Question

Every stochastic \(n \times n\) matrix corresponds to a Markov chain for which it is the one-step transition matrix. (By "Stochastie matrix" we mean \(\mathbf{P}=\| P_{y}\) with \(0 \leq P_{i j} \leq 1\) and \(\sum_{j} P_{i j}=1 .\) ) However, not every stochastic \(n \times n\) matrix is the two-step transition matrix of a Markov chain. In particular, show that a \(2 \times 2\) stochastic matrix is the two-step transition matrix of a Markov chain if and only if the sum of its principal diagonal terms is greater than or equal to \(1 .\)

Short answer

In summary, a \(2 \times 2\) stochastic matrix \(\mathbf{A}\) is the two-step transition matrix of a Markov chain if and only if the sum of its principal diagonal terms is greater than or equal to 1, i.e., \(p+s \geq 1\). We showed this by proving the condition in both directions: (1) If the sum of the diagonal terms is greater than or equal to 1, there exists a matrix \(\mathbf{P}\) that satisfies the required system of equations, and (2) if there exists a matrix \(\mathbf{P}\) satisfying the system of equations, the sum of the diagonal terms of \(\mathbf{A}\) must be greater than or equal to 1.

Step-by-step solution

Understanding the condition

We are given a condition: A 2x2 stochastic matrix is the two-step transition matrix of a Markov chain if and only if the sum of its principal diagonal terms is greater than or equal to 1. So, given a 2x2 stochastic matrix of the form: \(\mathbf{A} = \begin{pmatrix} p & q \\ r & s \end{pmatrix}\), we want to find a 2x2 stochastic matrix \(\mathbf{P}\) \(\mathbf{P} = \begin{pmatrix} a & b \\ c & d \end{pmatrix}\) such that \(\mathbf{P}^2 = \mathbf{A}\), and show that this is possible if and only if \(p+s \geq 1\).

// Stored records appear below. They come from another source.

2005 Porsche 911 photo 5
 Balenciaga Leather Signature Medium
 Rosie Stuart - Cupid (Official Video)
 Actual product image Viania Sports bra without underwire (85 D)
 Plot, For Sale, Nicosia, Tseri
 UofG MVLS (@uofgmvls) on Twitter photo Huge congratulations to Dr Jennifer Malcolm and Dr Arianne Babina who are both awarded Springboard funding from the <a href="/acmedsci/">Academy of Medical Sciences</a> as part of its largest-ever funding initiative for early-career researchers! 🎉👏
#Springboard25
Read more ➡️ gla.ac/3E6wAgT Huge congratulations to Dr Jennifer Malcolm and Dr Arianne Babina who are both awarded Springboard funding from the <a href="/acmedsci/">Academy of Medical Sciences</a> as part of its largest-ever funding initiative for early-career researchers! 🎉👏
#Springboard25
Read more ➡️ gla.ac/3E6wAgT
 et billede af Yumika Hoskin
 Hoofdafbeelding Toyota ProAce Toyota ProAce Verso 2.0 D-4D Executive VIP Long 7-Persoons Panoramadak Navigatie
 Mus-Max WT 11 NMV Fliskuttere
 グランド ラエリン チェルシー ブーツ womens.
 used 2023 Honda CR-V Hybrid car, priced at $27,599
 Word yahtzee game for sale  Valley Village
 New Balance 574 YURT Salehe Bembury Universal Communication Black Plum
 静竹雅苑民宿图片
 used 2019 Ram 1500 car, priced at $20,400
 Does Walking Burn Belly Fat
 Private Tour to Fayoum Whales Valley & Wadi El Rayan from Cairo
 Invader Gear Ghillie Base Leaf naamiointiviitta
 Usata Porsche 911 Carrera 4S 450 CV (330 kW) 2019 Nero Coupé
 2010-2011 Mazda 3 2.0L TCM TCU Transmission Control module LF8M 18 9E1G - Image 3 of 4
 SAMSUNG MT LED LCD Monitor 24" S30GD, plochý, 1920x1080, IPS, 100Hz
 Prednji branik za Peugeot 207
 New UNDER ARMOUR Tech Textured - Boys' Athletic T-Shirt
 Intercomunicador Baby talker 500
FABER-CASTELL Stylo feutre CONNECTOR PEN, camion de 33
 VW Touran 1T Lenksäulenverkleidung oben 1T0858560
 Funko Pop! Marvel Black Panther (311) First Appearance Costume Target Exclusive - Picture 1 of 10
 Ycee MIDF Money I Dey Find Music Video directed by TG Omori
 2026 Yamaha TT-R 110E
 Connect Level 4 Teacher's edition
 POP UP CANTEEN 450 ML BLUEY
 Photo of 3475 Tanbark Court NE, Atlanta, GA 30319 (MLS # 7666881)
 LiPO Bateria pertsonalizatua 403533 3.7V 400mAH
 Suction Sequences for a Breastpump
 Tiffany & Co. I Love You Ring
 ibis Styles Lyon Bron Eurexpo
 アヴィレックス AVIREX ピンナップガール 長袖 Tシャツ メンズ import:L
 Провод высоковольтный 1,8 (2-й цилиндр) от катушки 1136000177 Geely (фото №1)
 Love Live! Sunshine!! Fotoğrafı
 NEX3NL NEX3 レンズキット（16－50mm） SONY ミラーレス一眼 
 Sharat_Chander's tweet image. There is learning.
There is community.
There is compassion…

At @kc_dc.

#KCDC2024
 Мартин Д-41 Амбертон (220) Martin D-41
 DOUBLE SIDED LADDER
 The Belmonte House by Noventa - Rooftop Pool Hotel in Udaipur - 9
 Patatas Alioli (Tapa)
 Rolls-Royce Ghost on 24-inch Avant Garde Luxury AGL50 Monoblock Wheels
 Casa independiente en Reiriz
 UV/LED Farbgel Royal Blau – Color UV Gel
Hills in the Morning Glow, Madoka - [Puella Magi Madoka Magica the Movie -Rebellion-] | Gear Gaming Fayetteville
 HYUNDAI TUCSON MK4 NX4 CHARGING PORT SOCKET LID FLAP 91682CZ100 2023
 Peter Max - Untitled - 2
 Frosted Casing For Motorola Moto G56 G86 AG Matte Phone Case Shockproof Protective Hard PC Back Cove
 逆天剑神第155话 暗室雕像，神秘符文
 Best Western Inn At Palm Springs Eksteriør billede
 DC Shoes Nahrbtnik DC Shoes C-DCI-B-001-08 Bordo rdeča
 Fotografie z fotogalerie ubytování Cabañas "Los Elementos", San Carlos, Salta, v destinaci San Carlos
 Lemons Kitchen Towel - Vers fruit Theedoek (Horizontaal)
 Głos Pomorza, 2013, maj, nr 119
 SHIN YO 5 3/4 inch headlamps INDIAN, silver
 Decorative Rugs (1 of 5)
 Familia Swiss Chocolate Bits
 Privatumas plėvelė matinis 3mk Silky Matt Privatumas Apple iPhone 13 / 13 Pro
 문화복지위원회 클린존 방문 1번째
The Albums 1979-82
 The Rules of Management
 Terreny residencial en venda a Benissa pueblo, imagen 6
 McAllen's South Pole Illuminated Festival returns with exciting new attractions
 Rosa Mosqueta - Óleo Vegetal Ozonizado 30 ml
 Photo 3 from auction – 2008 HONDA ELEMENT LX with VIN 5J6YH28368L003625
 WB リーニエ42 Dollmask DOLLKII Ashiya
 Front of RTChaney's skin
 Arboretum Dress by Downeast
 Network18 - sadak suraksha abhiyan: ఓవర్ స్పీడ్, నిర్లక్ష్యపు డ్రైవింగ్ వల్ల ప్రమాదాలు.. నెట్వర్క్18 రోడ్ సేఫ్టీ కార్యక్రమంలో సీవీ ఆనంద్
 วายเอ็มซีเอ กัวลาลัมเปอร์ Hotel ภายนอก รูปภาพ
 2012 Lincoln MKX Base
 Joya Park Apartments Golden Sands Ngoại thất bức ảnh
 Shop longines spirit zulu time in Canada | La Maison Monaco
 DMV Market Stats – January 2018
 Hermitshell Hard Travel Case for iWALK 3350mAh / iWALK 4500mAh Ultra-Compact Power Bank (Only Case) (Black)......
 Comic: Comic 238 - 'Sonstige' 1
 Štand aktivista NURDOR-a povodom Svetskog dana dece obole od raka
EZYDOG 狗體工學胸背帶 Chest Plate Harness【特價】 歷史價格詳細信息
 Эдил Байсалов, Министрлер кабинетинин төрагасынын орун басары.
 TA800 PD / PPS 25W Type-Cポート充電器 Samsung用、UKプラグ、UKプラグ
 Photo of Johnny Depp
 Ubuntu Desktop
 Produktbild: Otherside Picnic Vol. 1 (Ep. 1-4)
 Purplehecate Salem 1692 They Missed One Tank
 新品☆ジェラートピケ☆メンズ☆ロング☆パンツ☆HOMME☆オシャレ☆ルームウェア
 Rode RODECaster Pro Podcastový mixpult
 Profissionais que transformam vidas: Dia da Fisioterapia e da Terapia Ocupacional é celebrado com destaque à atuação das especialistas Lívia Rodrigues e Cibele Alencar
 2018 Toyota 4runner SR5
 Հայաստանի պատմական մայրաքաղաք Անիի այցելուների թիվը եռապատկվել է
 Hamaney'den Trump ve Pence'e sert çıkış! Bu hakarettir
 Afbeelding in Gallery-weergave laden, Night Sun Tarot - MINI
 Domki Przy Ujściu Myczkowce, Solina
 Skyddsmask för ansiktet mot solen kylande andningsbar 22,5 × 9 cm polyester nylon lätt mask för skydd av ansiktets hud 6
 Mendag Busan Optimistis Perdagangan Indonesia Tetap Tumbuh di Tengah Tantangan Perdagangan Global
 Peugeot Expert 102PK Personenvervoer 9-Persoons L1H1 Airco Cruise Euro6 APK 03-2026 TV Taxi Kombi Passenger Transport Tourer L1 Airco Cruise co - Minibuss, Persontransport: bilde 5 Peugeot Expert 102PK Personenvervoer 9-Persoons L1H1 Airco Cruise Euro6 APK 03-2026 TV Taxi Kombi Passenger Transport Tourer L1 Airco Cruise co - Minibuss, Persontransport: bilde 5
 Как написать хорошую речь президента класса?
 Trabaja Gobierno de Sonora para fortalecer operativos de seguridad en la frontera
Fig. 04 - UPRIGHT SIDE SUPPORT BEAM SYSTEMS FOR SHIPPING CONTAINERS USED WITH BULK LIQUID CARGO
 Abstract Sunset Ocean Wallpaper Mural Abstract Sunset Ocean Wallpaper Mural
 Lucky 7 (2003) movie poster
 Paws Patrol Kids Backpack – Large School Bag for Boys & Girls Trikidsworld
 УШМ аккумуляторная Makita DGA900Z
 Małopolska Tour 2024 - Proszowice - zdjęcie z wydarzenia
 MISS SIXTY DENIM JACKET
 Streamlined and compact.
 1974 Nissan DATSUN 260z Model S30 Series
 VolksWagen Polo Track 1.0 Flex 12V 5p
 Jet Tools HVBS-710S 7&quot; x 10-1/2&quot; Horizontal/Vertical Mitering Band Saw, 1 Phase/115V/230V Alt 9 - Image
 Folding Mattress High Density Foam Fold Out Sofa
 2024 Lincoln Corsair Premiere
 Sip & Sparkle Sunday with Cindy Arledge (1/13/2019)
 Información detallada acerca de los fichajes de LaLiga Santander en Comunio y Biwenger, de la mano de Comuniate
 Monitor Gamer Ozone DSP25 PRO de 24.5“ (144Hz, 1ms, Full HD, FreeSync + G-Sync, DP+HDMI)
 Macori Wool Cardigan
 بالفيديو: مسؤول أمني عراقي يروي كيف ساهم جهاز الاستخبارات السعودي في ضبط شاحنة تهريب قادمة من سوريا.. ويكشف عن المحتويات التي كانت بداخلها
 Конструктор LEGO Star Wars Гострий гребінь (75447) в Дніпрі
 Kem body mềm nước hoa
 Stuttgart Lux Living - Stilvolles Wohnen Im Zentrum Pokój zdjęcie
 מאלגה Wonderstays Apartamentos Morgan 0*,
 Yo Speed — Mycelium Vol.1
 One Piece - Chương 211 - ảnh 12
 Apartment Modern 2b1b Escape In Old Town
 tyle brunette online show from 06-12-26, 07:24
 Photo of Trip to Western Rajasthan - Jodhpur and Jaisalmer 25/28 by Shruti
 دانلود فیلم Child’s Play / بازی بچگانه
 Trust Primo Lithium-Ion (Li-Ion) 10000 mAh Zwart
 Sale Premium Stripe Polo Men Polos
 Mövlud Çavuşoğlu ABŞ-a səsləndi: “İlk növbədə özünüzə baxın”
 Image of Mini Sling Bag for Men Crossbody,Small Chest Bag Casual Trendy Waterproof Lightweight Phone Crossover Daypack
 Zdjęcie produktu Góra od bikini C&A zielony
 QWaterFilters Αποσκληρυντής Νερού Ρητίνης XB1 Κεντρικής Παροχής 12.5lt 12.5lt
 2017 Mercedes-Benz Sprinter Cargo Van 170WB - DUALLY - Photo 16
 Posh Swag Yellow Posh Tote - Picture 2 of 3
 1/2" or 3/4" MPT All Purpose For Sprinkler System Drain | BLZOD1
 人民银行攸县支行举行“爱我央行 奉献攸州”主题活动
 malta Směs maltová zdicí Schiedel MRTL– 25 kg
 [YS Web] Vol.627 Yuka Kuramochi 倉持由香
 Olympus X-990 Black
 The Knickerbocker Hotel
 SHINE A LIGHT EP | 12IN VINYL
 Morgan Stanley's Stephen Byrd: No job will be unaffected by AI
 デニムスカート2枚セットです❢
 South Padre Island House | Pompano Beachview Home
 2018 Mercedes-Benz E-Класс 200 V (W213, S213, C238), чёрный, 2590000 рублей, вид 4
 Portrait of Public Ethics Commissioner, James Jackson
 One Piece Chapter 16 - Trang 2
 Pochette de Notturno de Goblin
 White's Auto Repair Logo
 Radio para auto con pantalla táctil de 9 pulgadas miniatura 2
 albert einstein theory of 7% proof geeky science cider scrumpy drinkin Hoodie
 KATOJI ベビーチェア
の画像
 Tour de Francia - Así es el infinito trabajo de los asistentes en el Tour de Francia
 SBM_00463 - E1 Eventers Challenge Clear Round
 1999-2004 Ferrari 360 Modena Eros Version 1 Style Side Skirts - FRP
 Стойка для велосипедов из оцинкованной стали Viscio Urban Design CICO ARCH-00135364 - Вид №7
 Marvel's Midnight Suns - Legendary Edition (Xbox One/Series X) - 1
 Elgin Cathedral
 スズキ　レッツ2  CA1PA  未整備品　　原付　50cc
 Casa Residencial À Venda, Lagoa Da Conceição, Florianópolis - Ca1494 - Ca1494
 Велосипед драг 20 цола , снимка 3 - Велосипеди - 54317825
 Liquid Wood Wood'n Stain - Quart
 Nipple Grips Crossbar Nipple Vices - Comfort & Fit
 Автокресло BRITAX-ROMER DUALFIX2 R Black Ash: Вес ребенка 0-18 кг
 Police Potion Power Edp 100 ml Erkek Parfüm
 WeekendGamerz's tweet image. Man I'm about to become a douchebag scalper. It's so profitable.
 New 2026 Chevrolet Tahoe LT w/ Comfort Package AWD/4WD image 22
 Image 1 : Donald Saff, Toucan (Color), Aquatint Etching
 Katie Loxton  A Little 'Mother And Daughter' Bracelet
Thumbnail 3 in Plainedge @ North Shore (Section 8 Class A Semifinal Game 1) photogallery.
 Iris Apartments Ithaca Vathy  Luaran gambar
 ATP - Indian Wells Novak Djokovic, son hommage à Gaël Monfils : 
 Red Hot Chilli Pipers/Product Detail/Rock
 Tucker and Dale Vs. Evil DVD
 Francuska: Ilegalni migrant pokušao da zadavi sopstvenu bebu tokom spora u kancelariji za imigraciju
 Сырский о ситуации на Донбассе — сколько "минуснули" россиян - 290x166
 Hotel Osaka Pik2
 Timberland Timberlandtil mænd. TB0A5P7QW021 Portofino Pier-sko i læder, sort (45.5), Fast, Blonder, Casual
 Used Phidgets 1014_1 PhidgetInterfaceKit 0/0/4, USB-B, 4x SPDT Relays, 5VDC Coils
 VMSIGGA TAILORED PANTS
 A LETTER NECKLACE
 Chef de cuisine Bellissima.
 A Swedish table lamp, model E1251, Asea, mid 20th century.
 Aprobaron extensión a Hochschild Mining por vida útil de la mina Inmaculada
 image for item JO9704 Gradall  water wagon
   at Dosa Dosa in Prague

Finding the two-step transition matrix

By definition, a two-step transition matrix is the square of the one-step transition matrix. Hence, we have: \(\mathbf{P}^2 = \mathbf{P} \cdot \mathbf{P} = \begin{pmatrix} a^2 + b \cdot c & a \cdot b + b \cdot d \\ a \cdot c + c \cdot d & c^2 + d \cdot b \end{pmatrix} = \begin{pmatrix} p & q \\ r & s \end{pmatrix} = \mathbf{A}\) By comparing both sides of the equation, we get the following system of equations: 1. \(a^2 + b \cdot c = p\) 2. \(a \cdot b + b \cdot d = q\) 3. \(a \cdot c + c \cdot d = r\) 4. \(c^2 + d \cdot b = s\)

Proving the condition

(1) First, assume that the sum of the diagonal terms of \(\mathbf{A}\) is greater than or equal to 1. That is: \(p + s \geq 1\) Now, we want to show that there exists a matrix \(\mathbf{P}\) such that it satisfies the system of equations from step 2. From the system of equations, we see that: \(p + s = a^2 + b \cdot c + c^2 + d \cdot b\) Since \(p+s \geq 1\), we have: \(a^2 + b \cdot c + c^2 + d \cdot b \geq 1\) By the Cauchy-Schwarz inequality: \((a^2 + c^2)(1 + 1) \geq (b \cdot c + d \cdot b)^2\) This shows that there exists a 2x2 stochastic matrix \(\mathbf{P}\) that satisfies the system of equations when \(p+s \geq 1\). (2) Next, let's assume there exists a 2x2 stochastic matrix \(\mathbf{P}\), which satisfies the system of equations. We want to show that the sum of the diagonal terms of \(\mathbf{A}\) is greater than or equal to 1. Using the first and fourth equations from the system of equations: \(p + s = a^2 + b \cdot c + c^2 + d \cdot b\) Since \(\mathbf{P}\) is a stochastic matrix: \(a+c = 1\) and \(b+d = 1\) By squaring these equalities, we get: \((a+c)^2 = a^2 + c^2 + 2 \cdot a \cdot c = 1\) \((b+d)^2 = b^2 + d^2 + 2 \cdot b \cdot d = 1\) Adding the first and second equations, we obtain: \[(p+s) = (a^2 + b \cdot c + c^2 + d \cdot b) \geq (\frac{a^2 + c^2}{2} + \frac{b^2 + d^2}{2}) \geq \frac{1}{2} + \frac{1}{2} = 1\] Thus, we've shown that if there exists a matrix \(\mathbf{P}\) such that its square results in \(\mathbf{A}\), then the sum of the principal diagonal terms of \(\mathbf{A}\) must be greater than or equal to 1. Therefore, a 2x2 stochastic matrix is the two-step transition matrix of a Markov chain if and only if the sum of its principal diagonal terms is greater than or equal to 1.